Volunteers sort food to be distributed to charities at a warehouse of the Food Bank Against Hunger in Lisbon, Thursday, Sept. 1, 2022.
(AP Photo/Armando Franca)
Volunteers sort food to be distributed to charities at a warehouse of the Food Bank Against Hunger in Lisbon, Thursday, Sept. 1, 2022. The food bank expects that with rising inflation more families will be in need of help in the coming months. (AP Photo/Armando Franca)

Millions of people in the U.S. are now facing the precipice of a hunger cliff. 

Starting in 2020, the pandemic pulled back the curtain on the tattered state of the U.S. safety net and the millions of families who were falling through. Hunger rates were expected to soar like they did during the Great Recession. 

But that’s not what happened.

Thanks to a pandemic expansion of the federal Supplemental Nutrition Assistance Program, millions of Americans kept food on their tables during an unprecedented public health and economic emergency. These “emergency allotments” made food easier to access and increased the number of people who were eligible. Hunger rates stayed put during the emergency — and poverty actually fell.

Unfortunately, that enhanced food assistance came to an end last Wednesday because Congress failed to make them permanent. With the double whammy of inflated food prices and other pandemic supports like the expanded Child Tax Crediteviction moratoria and expansions in Medicaid also ending, millions of American families are now at risk of going hungry.

This is a critical moment for our nation. We must not allow struggling workers or our children, grandparents and disabled loved ones to fall back into hunger.

SNAP helps a quarter of U.S. children avoid hunger. It also helps 6 million older adults on fixed incomes, 4 million non-elderly disabled people and more than 1 million low-income veterans. The majority of people on SNAP earn an income and don’t receive cash welfare benefits.

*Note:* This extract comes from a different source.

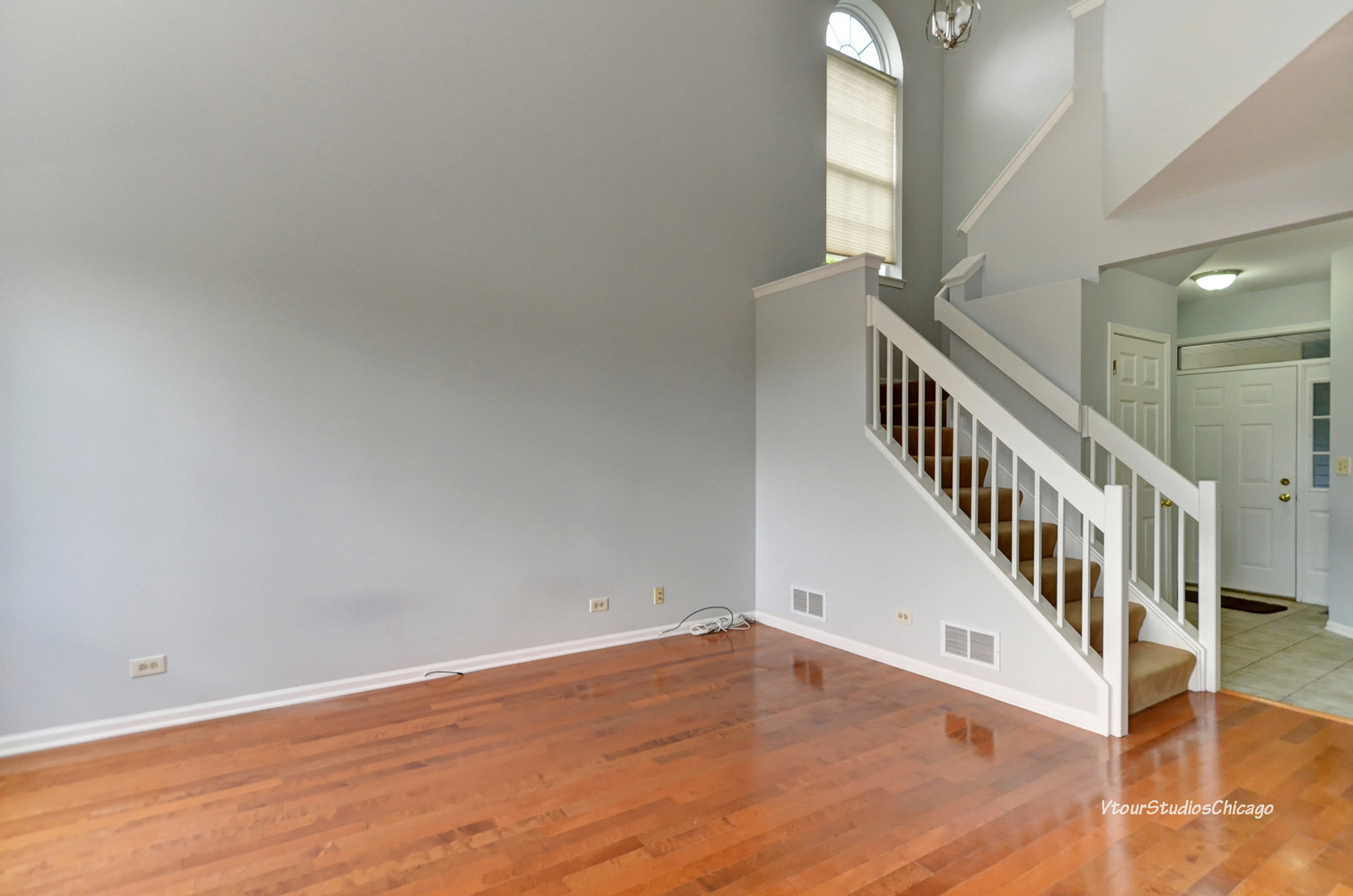 5451 Elizabeth Place Rolling Meadows, IL 60008 - Photo 14 of 34 a view of an entryway with wooden floor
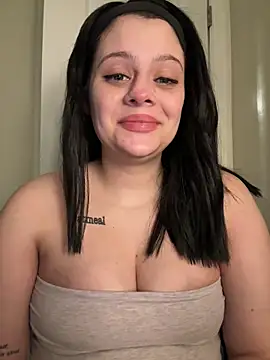 Snapshot of Sashabbay chatting on 02/22/26, 04:57 Sashabbay online show from 02/22/26, 04:57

SNAP puts food on the table for Americans of every color and in every zip code. The pandemic SNAP expansion successfully narrowed racial and ethnic inequities in food security, even though the majority of beneficiaries are white and participation is highest in rural areas and small towns. 

So how bad will things get without action?

Children, workers and vulnerable elderly folks who rely on SNAP benefits will now lose an average of $90 per month. Daily food assistance will fall from an average of $9.00 per person per day to an average of $6.10 per person per day. 

The Department of Agriculture’s recently updated Thrifty Food Plan for SNAP beneficiaries softens the blow for some families, but that program is already being targeted by conservatives in Congress. If they roll back the Biden administration’s update, benefits could plummet further to just $4.75 per day.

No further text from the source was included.